24 October 2012

Letter from Lhasa, number 289.
Stop Stealing Dreams


Letter from Lhasa, number 289. Stop Stealing Dreams
by Roberto Abraham Scaruffi

Godin, S., Stop Stealing Dreams. What is school for?, 2012. 
(Godin 2012).
Seth Godin


This work is a kind of Illuminist manifesto full of good ideas and inevitably partial as whatever essay on education. 

The educational system (as, for instance, the health system and the military) has followed the usual pattern of bureaucratic proliferation, exponentially growing without any connection with people and economy’s needs and without any real sustainability.  

Education is centred on obedience and conformism. Should and could it teach disobedience and a-conformism. It should, but how? What are reasonable doubt, risk-taking, bravery etc? Is it possible to teach them?

For (Godin 2012), school destroys dreams. Is school or life to destroy dreams? Can real dreams be destroyed?

For (Godin 2012), school should amplify dreams and inculcate passions. Can dreams be amplified and passions inculcated? Which passions, the passions of a teacher or professor?  

It is certainly true that competence be indispensable, however it is not necessarily enemy of change. Routines and a routinary way of thinking are enemies of change. Just do not put people thinking or operating in a routinary way in ‘innovation departments’...

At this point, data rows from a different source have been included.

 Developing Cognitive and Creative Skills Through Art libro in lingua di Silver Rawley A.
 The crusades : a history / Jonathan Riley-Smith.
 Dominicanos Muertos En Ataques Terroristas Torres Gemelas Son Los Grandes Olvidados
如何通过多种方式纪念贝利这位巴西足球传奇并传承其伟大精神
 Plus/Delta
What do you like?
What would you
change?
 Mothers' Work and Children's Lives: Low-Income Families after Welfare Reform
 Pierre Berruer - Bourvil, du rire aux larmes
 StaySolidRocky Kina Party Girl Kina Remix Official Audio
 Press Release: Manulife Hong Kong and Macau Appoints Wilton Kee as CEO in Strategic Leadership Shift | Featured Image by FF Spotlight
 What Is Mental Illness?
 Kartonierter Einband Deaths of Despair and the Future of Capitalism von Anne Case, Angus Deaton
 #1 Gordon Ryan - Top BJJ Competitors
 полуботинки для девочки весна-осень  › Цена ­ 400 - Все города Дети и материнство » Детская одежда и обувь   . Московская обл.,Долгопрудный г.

For (Godin 2012), a great teacher wants to communicate emotions, not just facts. Actually, a person may be great orator, transmit emotions and to be listened with pleasure from his/her students and not to be a good teacher if one cannot transmit what is reputed to transmit. Manipulators and cheaters are generally skilful in communicating emotions even if, of course, not everybody communicating emotions necessarily be a manipulator and a cheater. 

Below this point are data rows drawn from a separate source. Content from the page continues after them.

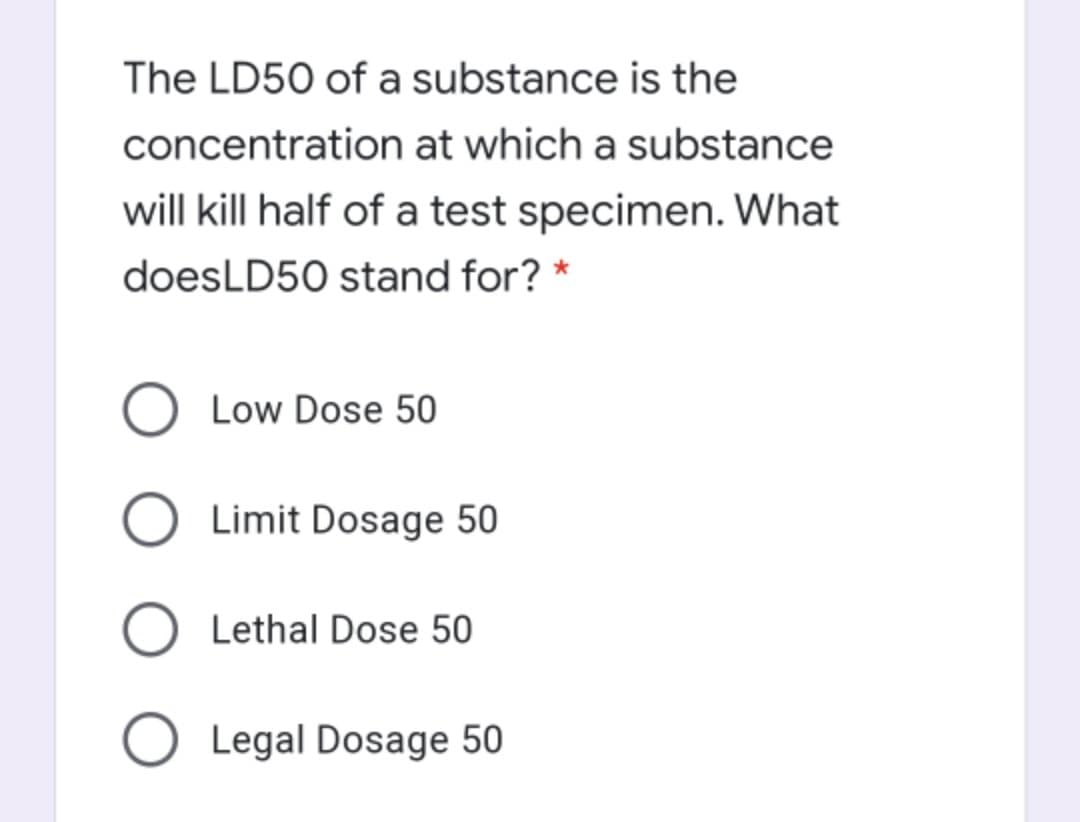 The LD50 of a substance is the
concentration at which a substance
will kill half of a test specimen. What
doesLD50 stand for? *
O Low Dose 50
O Limit Dosage 50
O Lethal Dose 50
O Legal Dosage 50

It is certainly true that a teacher should coach. While it seems more doubtful that everybody could be transformed in a creative leader instead of remaining a happy obedient servant.

About the so-called ‘freedom of teaching’ one should define what precisely be. It is frequently typical of undeveloped and under-developing areas. It does not make them more developed and competitive.

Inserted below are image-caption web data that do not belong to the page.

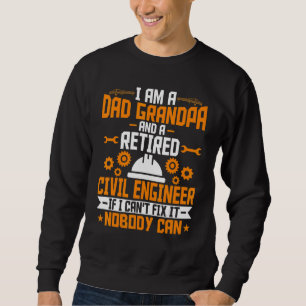 Man Ik ben een vader, opa en gepensioneerd civiel Trui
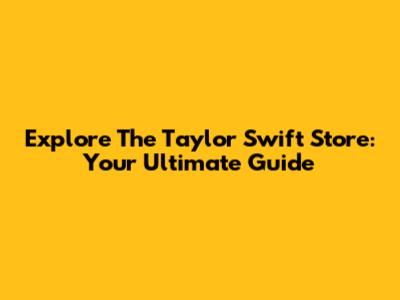 Explore The Taylor Swift Store: Your Ultimate Guide
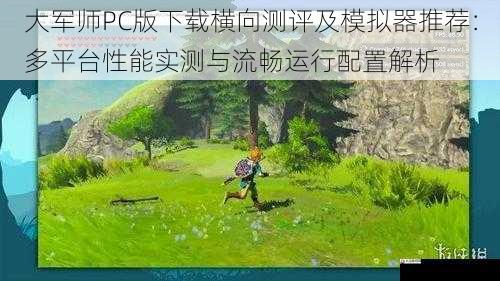 大军师PC版下载横向测评及模拟器推荐：多平台性能实测与流畅运行配置解析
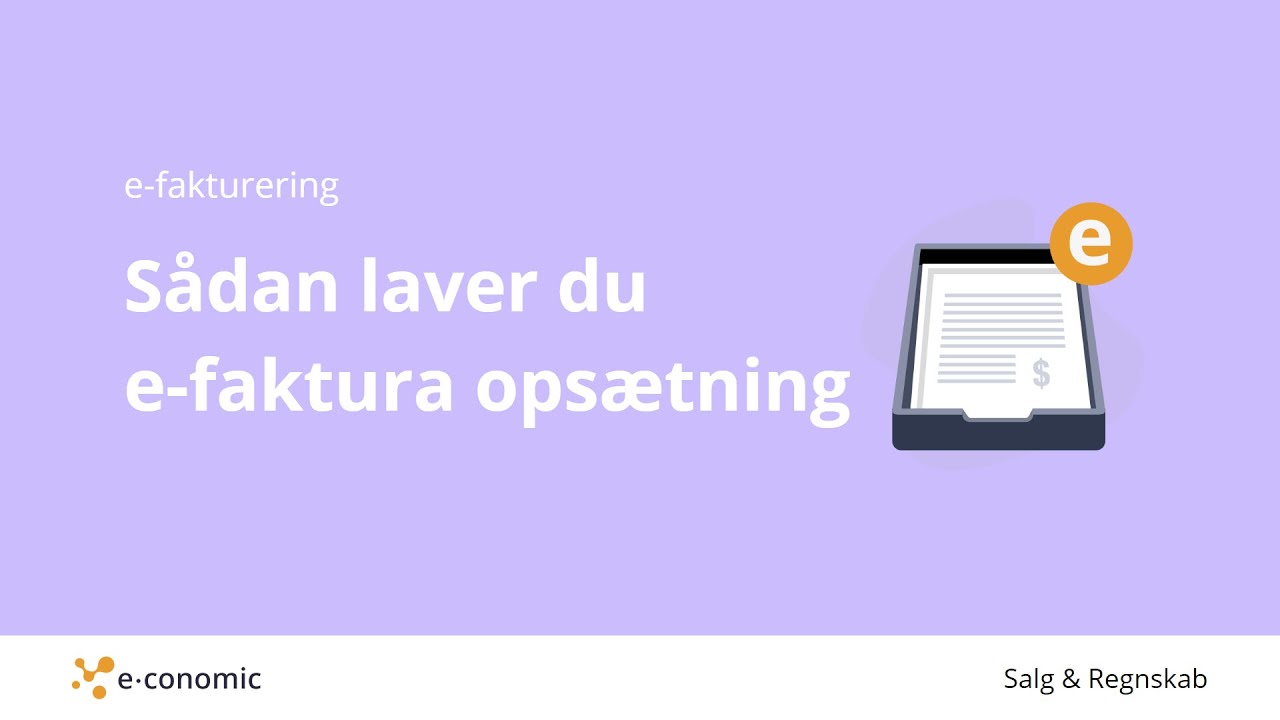 Sådan laver du e-faktura opsætning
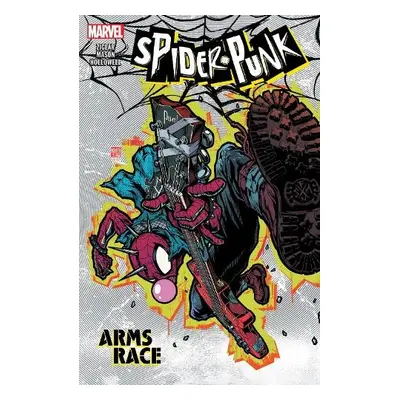 Spider-punk: Arms Race - Ziglar, Cody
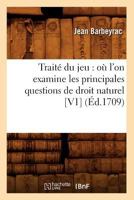 Traita(c) Du Jeu: OA L'On Examine Les Principales Questions de Droit Naturel [V1] (A0/00d.1709) 2019164876 Book Cover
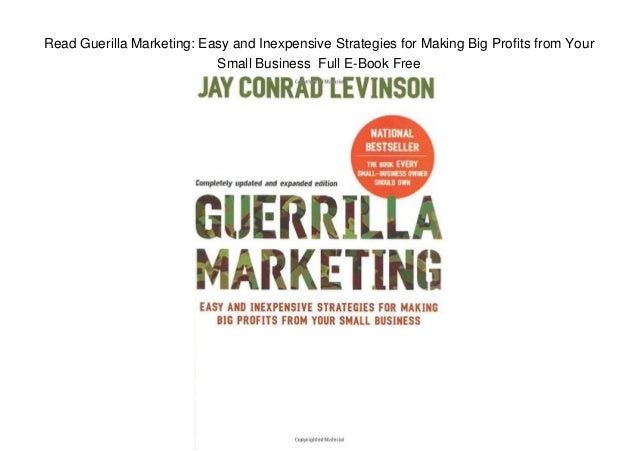 Read Guerilla Marketing Easy And Inexpensive Strategies For Making B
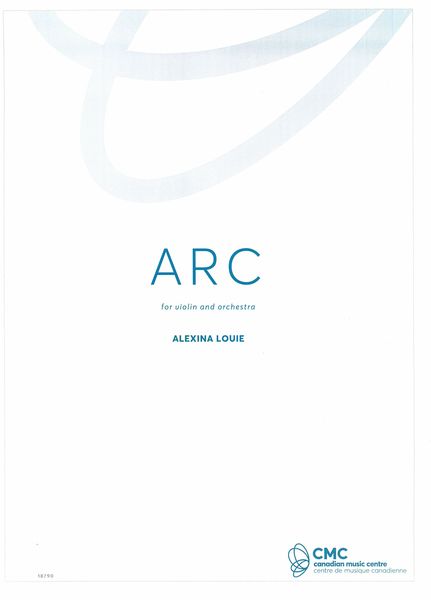 Arc : For Violin and Orchestra (Rev. 1996).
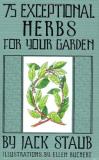 Jack E. Staub 75 Exceptional Herbs For Your Garden 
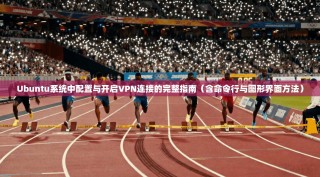 Ubuntu系统中配置与开启VPN连接的完整指南（含命令行与图形界面方法）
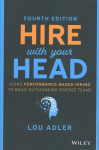 Hire With Your Head - Using Performance-Based Hiring to Build Outstanding Diverse Teams, Fourth Edition: Using Performance-Based Hiring to Build Outstanding Diverse Teams 4th Edition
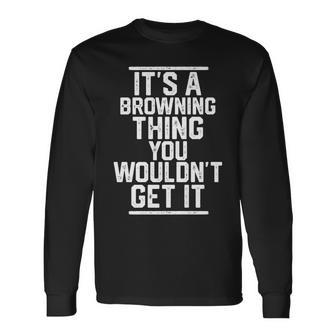 It's A Browning Thing You Wouldn't Get It Family Last Name Long Sleeve T-Shirt - Seseable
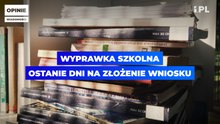 Wyprawka szkolna - ostanie dni na złożenie wniosku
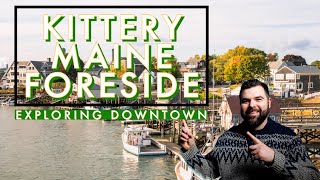 Kittery ME Foreside Walking Tour 4K⎮ Shops ⎮Restaurants ⎮ Best Places to Eat maine [upl. by Ahseet]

‘Freedom of teaching’ can be a chance and a limit at the same time. It can become the cover to indoctrination from a teacher, because also where there is the ‘freedom of teaching’, or where it is claimed there is, there are curricula for each subject. Finally, ‘freedom of teaching’ is some ideological/political freedom while a teacher should teach in the most aseptic way, more concerned with improving student learning mechanisms, the cultural and spiritual development of the student, etc than with transmitting teacher’s personal (ideological/political) values.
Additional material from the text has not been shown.